Hello, I had built up an XGBOOST model in R and convert it to a pmml file, then I input this pmml into python and try to use it to predict the data, but the result is not the same as the R. In addition, all the results inputting into the pmml of python are the same. Could you please check the issues of this? Thank you very much.

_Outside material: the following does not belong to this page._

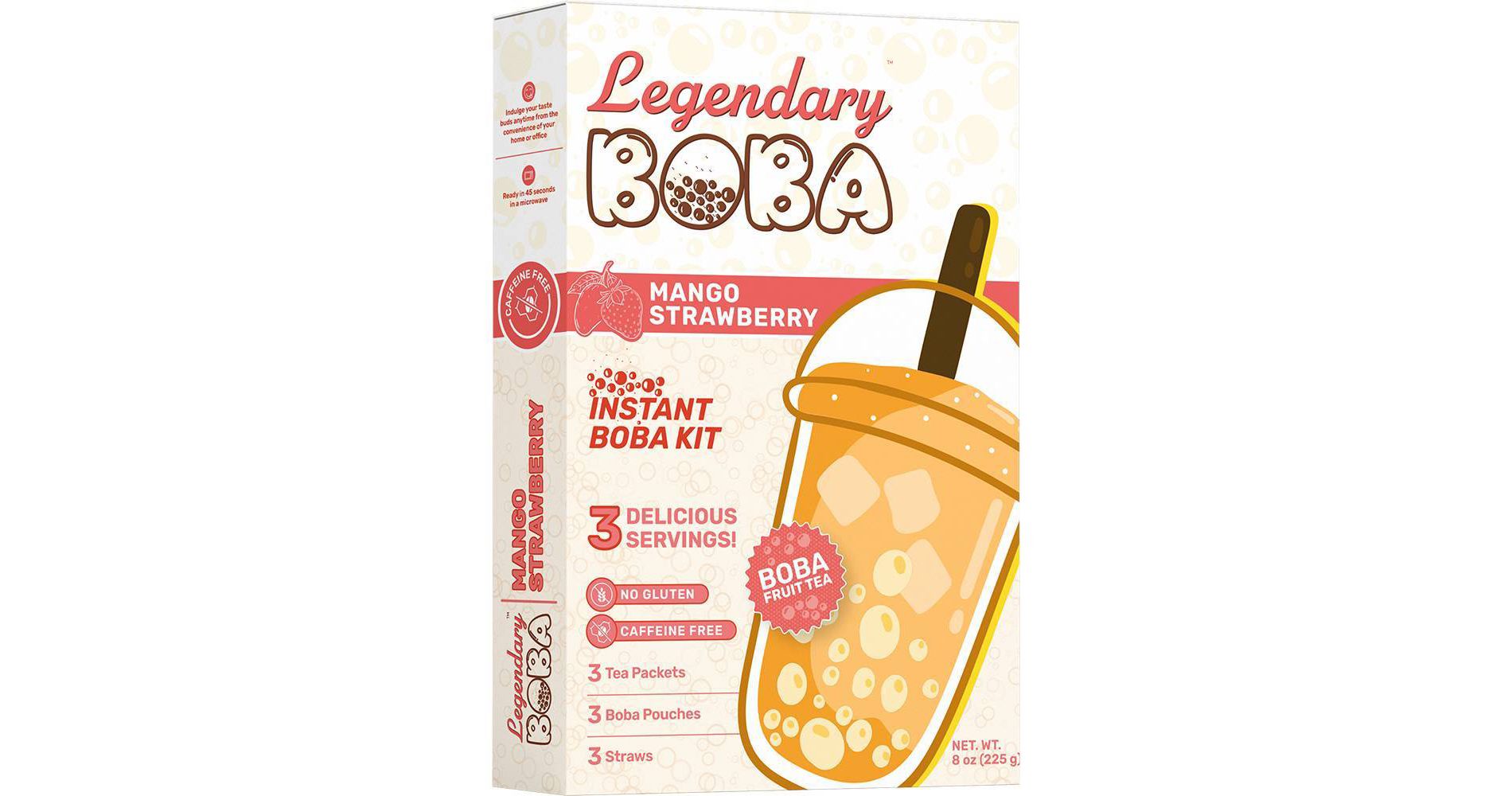 Legendary Boba Mango Strawberry Instant Boba Fruit Tea Kit - Caffeine Free - 8oz/3ct
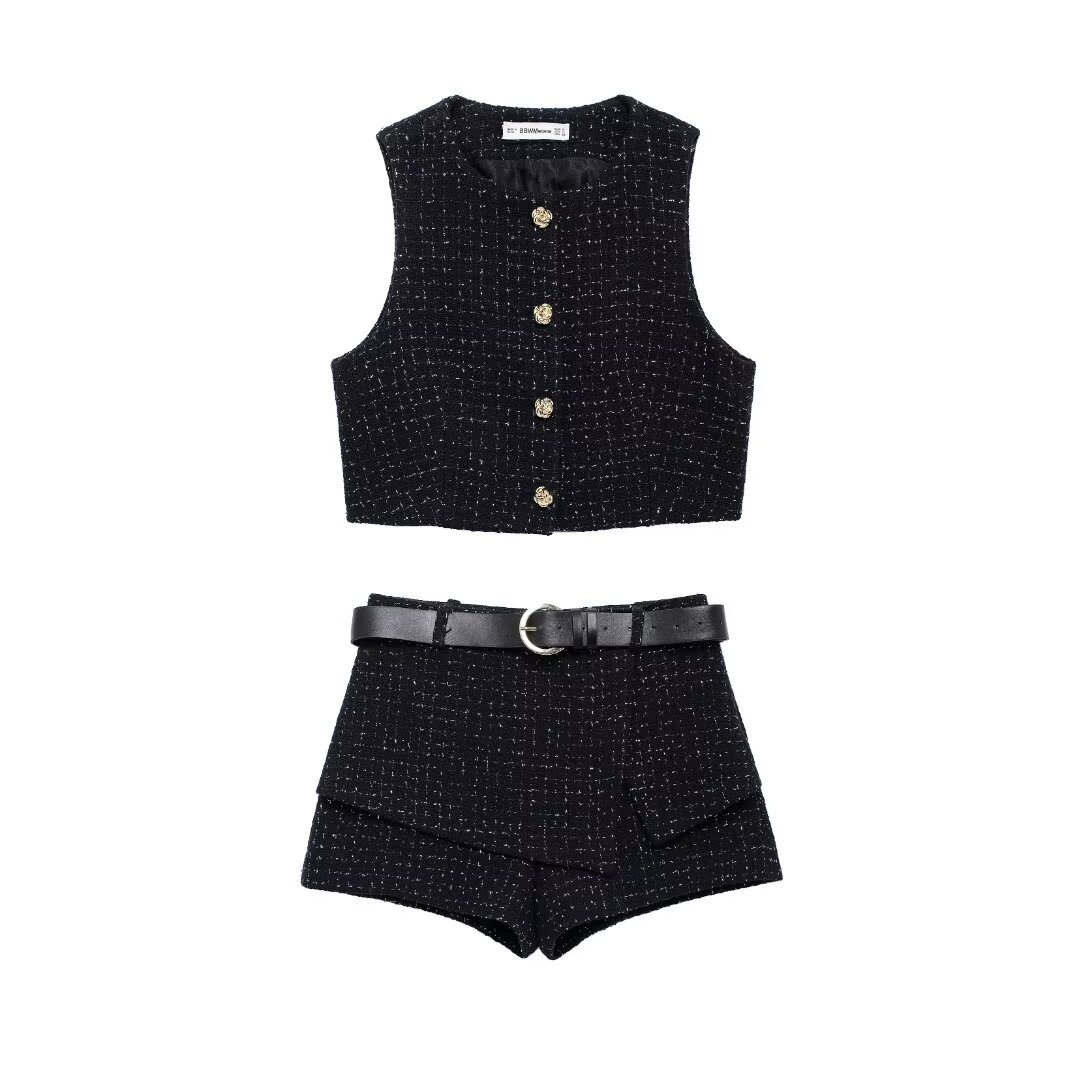 Textured Sleeveless O-neck Short Tweed Sleeveless Waistcoat Outerwear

Here are my code, I left the first one and the last one as validation for the model.

For modeling and converting pmml file in R:

library("xgboost")
library("r2pmml")

data(iris)

iris_X = iris[, 1:4]
iris_y = as.integer(iris[, 5]) - 1

iris_test <- iris_X[c(1,150),]
iris_test_y <- iris_y[c(1,150)]

iris_X <- iris_X[-c(1,150),]
iris_y <- iris_y[-c(1,150)]


iris.matrix = model.matrix(~ . - 1, data = iris_X)
iris.matrix_test = model.matrix(~ . - 1, data = iris_test)


iris.DMatrix = xgb.DMatrix(iris.matrix, label = iris_y)
iris.DMatrix_test <- xgb.DMatrix(iris.matrix_test, label = iris_test_y)

iris.fmap = as.fmap(iris.matrix)


iris.xgb = xgboost(data = iris.DMatrix, 
                   missing = NULL, 
                   objective = "multi:softprob", 
                   num_class = 3, 
                   nrounds = 13)


xgb.pred = predict(iris.xgb,iris.DMatrix_test)
matrix(xgb.pred,nrow=2,byrow = T)

r2pmml(iris.xgb, "iris_xgb.pmml", fmap = iris.fmap, response_name = "Species", response_levels = c("setosa", "versicolor", "virginica"), missing = NULL, ntreelimit = 7, compact = TRUE)

The result is looking like this in R:

> round(matrix(xgb.pred,nrow=2,byrow = T),2)
         [,1]   [,2]   [,3]
[1,] 0.98   0.01   0.01
[2,] 0.02   0.05   0.93

However, when I put the plmm in python the result is looking like this one:

from pypmml import Model
model = Model.fromFile('iris_xgb.pmml')
result_1 = model.predict({
    "Sepal_Length" : 5.1,
    "Sepal_Width" : 3.5,
    "Petal_Length" : 1.4,
    "Petal_Width" : 0.2
})


result_150 = model.predict({
    "Sepal_Length" : 5.9,
    "Sepal_Width" : 3,
    "Petal_Length" : 5.1,
    "Petal_Width" : 1.8
})

And the results like:

result_1
{'probability(setosa)': 0.8991017459122782, 
'probability(virginica)': 0.04937124673474952, 
'probability(versicolor)': 0.051527007352972234}

result_150
{'probability(setosa)': 0.8991017459122782, 
'probability(virginica)': 0.04937124673474952, 
'probability(versicolor)': 0.051527007352972234}

It is very confusing. Thank you!

Answer 1 · 2021-09-06T16:33:31.000Z

from pypmml import Model

Sorry, this issue is not related to the JPMML software project in any way.